Your instructions —
The records that follow are to be transcribed in full, without their images.

Stored items:
+--
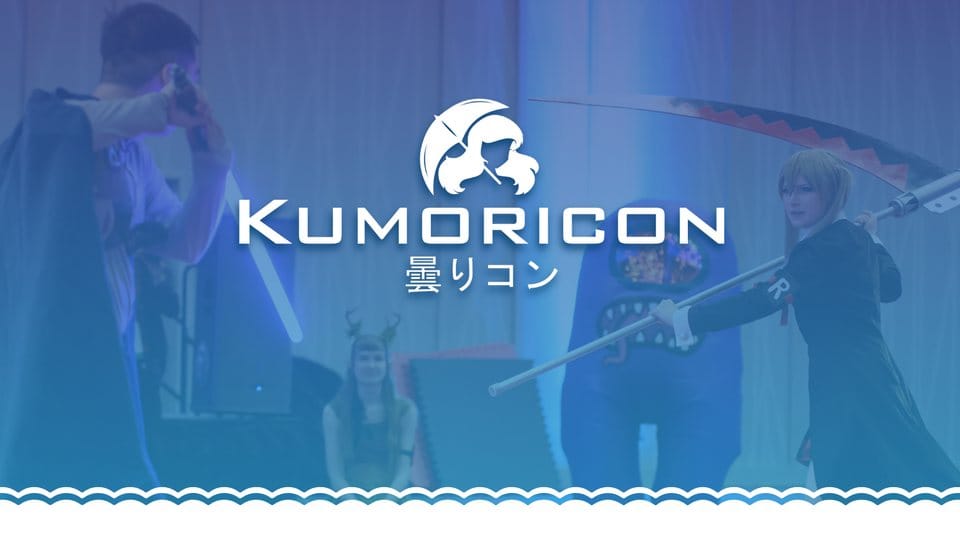 kumoricon banner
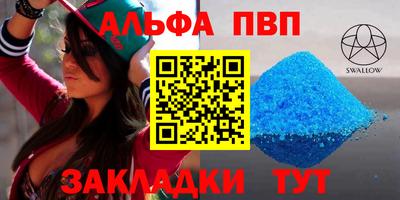 дистиллят марихуана Донской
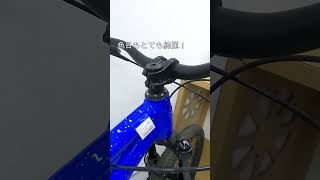 MARIN マリンALCATRAZ COMP アルカトラズ コンプ ！元試乗車が大特価！ダートジャンプバイクです！ [upl. by Nea]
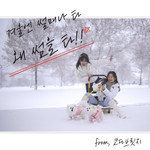 겨울엔 썰매나 타 왜 썸을 타(Happy solo)-cover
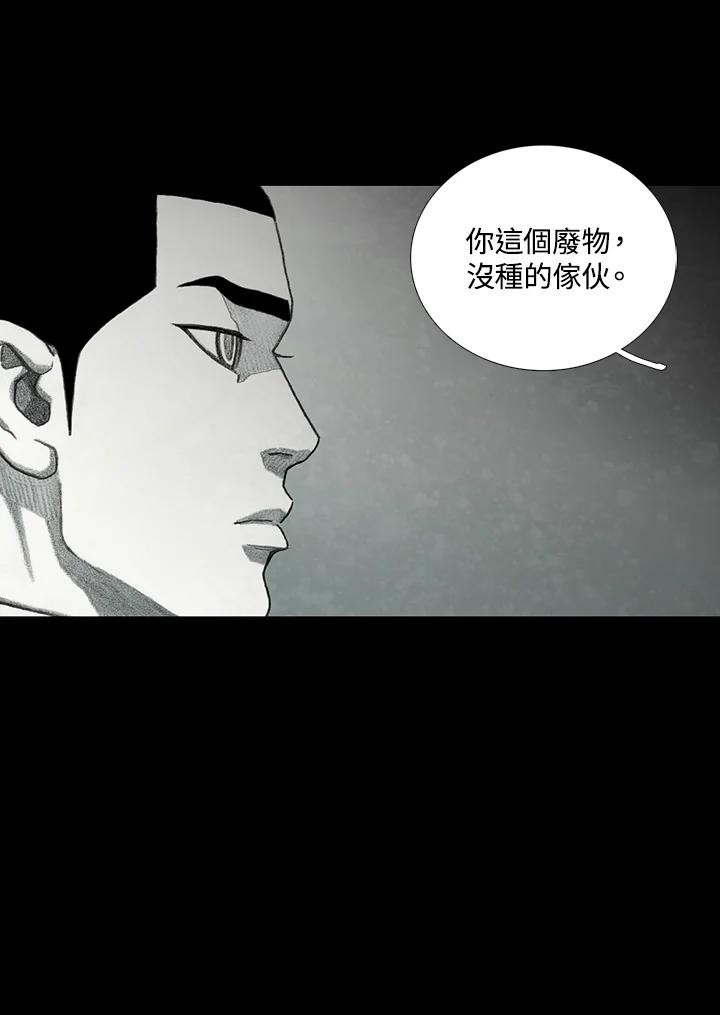 《怪物小孩》第37话 第10页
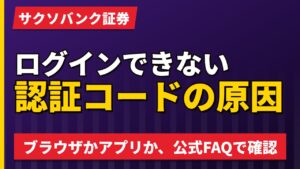サクソバンク証券のログイン｜できないときの確認点とアプリの日本語・対応OS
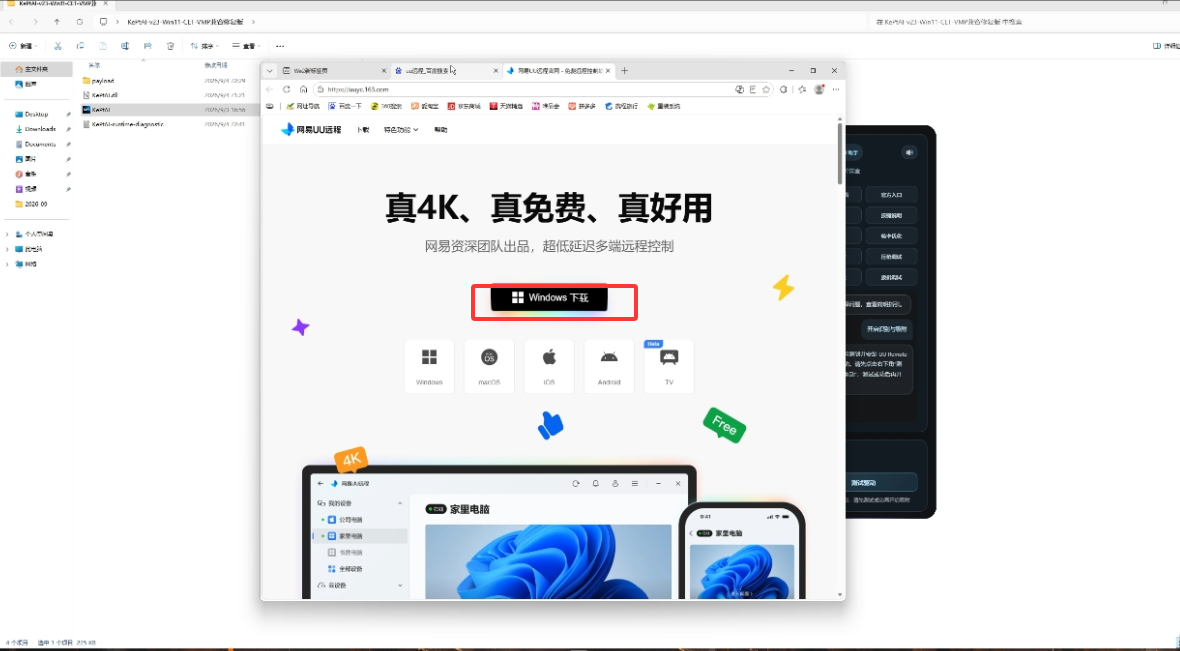 UU远程官网Windows下载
+--
Problem solution —
 kumoricon banner
 дистиллят марихуана Донской
 MARIN マリンALCATRAZ COMP アルカトラズ コンプ ！元試乗車が大特価！ダートジャンプバイクです！ [upl. by Nea]
 겨울엔 썰매나 타 왜 썸을 타(Happy solo)-cover
 《怪物小孩》第37话 第10页
サクソバンク証券のログイン｜できないときの確認点とアプリの日本語・対応OS
 UU远程官网Windows下载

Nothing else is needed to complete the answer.